___ WORKING DATA ___

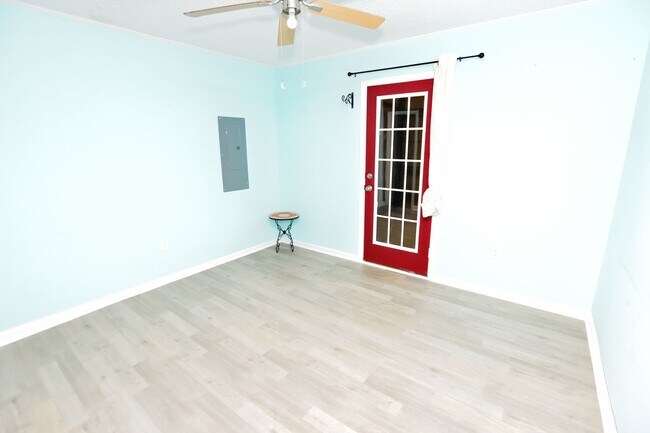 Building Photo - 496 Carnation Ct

___
___ WORKING DATA ___

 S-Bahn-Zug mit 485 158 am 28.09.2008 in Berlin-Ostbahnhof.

___
___ WORKING DATA ___

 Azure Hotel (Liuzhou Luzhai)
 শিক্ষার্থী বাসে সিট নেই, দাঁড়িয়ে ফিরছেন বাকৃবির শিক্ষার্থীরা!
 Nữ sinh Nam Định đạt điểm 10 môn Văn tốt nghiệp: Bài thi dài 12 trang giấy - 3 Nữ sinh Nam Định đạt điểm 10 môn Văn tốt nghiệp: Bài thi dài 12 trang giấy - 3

___

--- WHAT YOU HAVE TO DO ---
Using the entries above, output exactly the lines between the line holding "শিক্ষার্থী বাসে সিট" and the line holding "giấy - 3 Nữ", end lines included, and nothing more.

--- TASK RESPONSE ---
 শিক্ষার্থী বাসে সিট নেই, দাঁড়িয়ে ফিরছেন বাকৃবির শিক্ষার্থীরা!
 Nữ sinh Nam Định đạt điểm 10 môn Văn tốt nghiệp: Bài thi dài 12 trang giấy - 3 Nữ sinh Nam Định đạt điểm 10 môn Văn tốt nghiệp: Bài thi dài 12 trang giấy - 3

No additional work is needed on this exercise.